Bad Case for Pro Rata rule
Hello-
I have a 49 year old person who I just took over as a client and he has $200k in his SIMPLE IRA, $75k in an IRA parked in an annuity and a $14k annuity housed in a ROTH IRA-which is separate deal here. His AGI was $221,785 so he makes too much to contribute to a ROTH directly. He wants to contribute his $6,000 to a non deductible IRA and then convert to a ROTH to start building up some ‘tax free money for retirement.’- a back door ROTH
Under my understanding of the pro rata rule, I told that only 2% (6000/275,000= 2%) would be tax free on the covnersion and the rest taxable. I also tried to explain to him that any future (after 59 1/2) withdrawals from the ROTH would only have a portion of it tax free. (assuming he puts in $7k a year hereafter, so $76k in contributions). I said that doing this might not be in his best interest, (also assuming he continues to max out his SIMPLE and that continues to grow as well).
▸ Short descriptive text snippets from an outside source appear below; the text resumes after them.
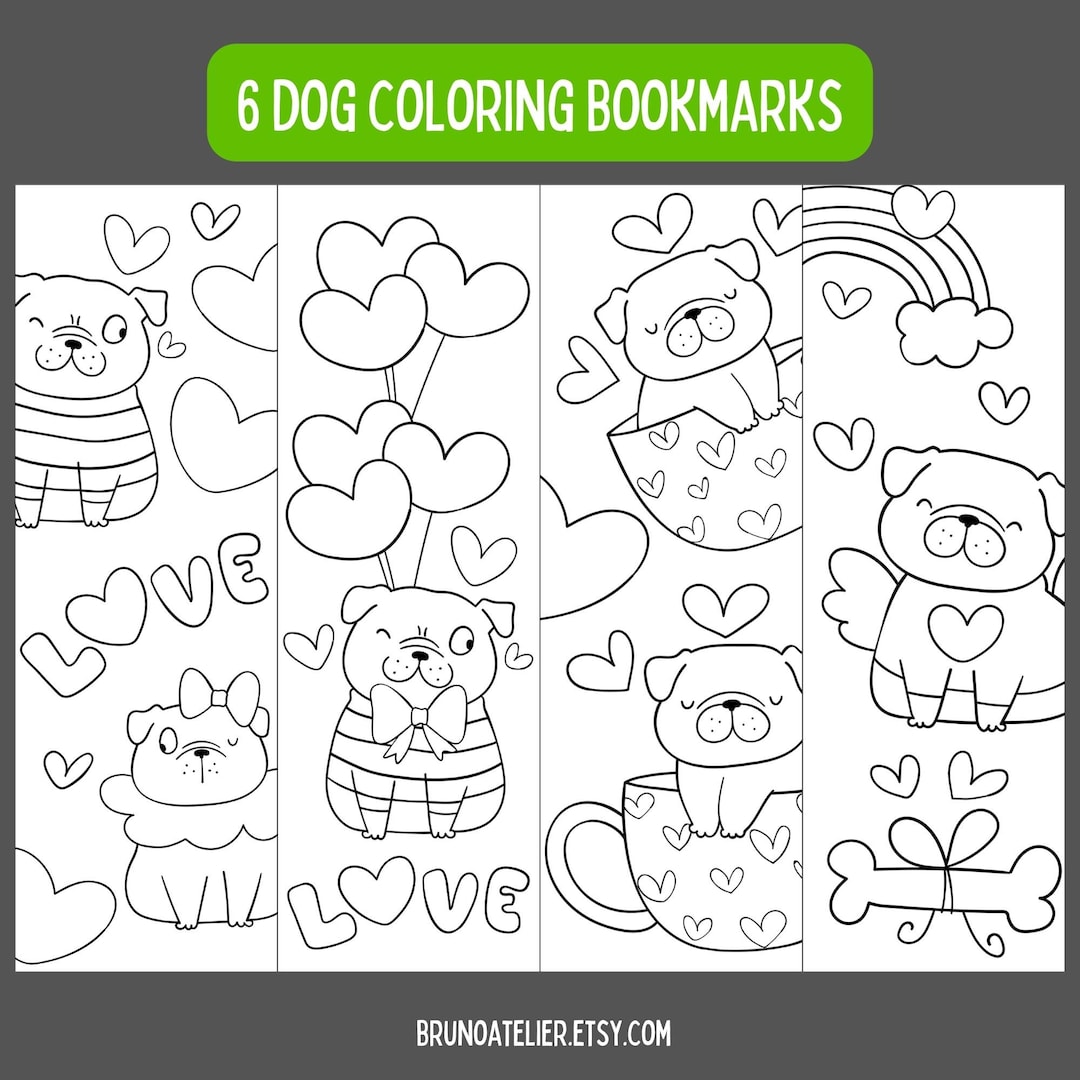 Cute Dog Coloring Bookmarks for Kids Animal Coloring - Etsy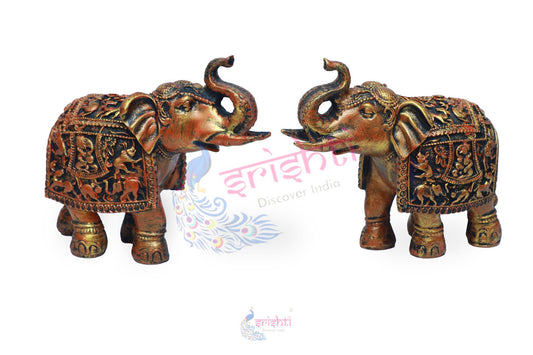 Wooden Elephant Pair M05 - 7.5  Inches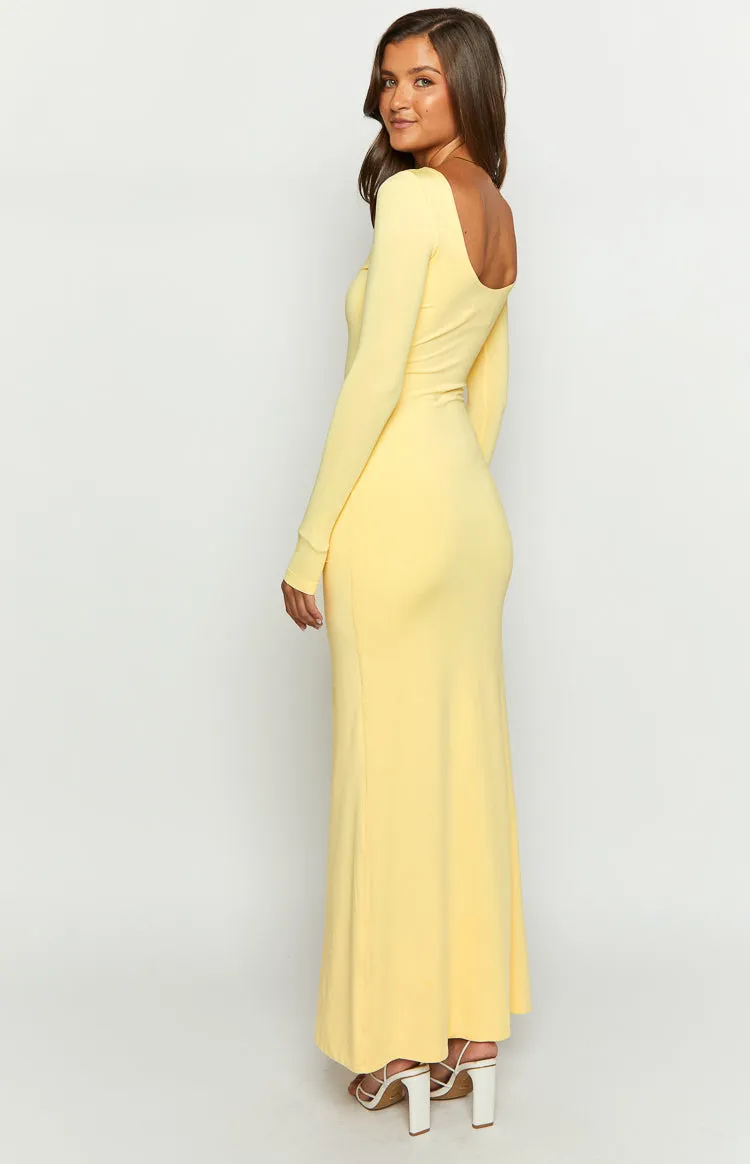 Amber Glow Yellow Long Sleeve Maxi Dress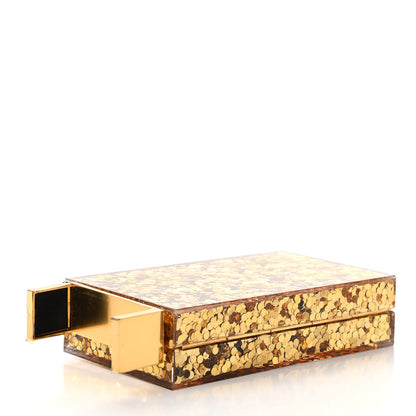 Tom Ford Sequin Plexiglass Lipstick Minaudiere Clutch Gold 4 of 11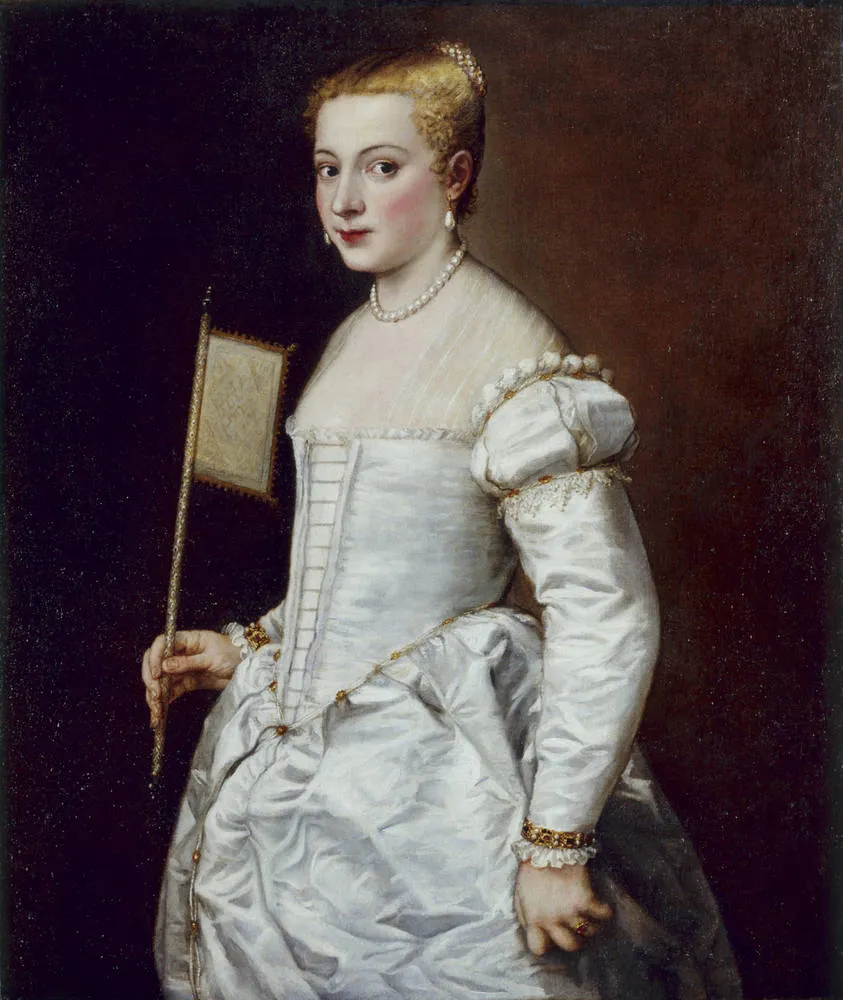 Portrait of a Lady in White (1561) by Titian — original painting reproduced as a hand-painted oil on canvas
Was I wrong in thinking the pro rata rule would bite him in the hiney or is a back door ROTH IRA a good strategy for him going forward.
Thanks.
Permalink Submitted by Alan - IRA critic on Tue, 2022-08-30 18:35
Due to back door conversion being close to 100% taxable, the back door Roth is only a good idea if client would also benefit from a taxable conversion, and a taxable conversion would only benefit client if it could be done at a lower marginal rate than what client expects in retirement. Perhaps at some point client will have a non IRA workplace plan such as a 401k and could roll the pre tax IRA dollars into that plan. Once that is accomplished, the back door conversions would be non taxable.
Permalink Submitted by David Mertz on Wed, 2022-08-31 01:45
If the 49-year-old client establishes a Roth IRA now, any distribution made after age 59½ will be tax free because the 5-year clock for distributions to be qualified distributions will have been satified by then.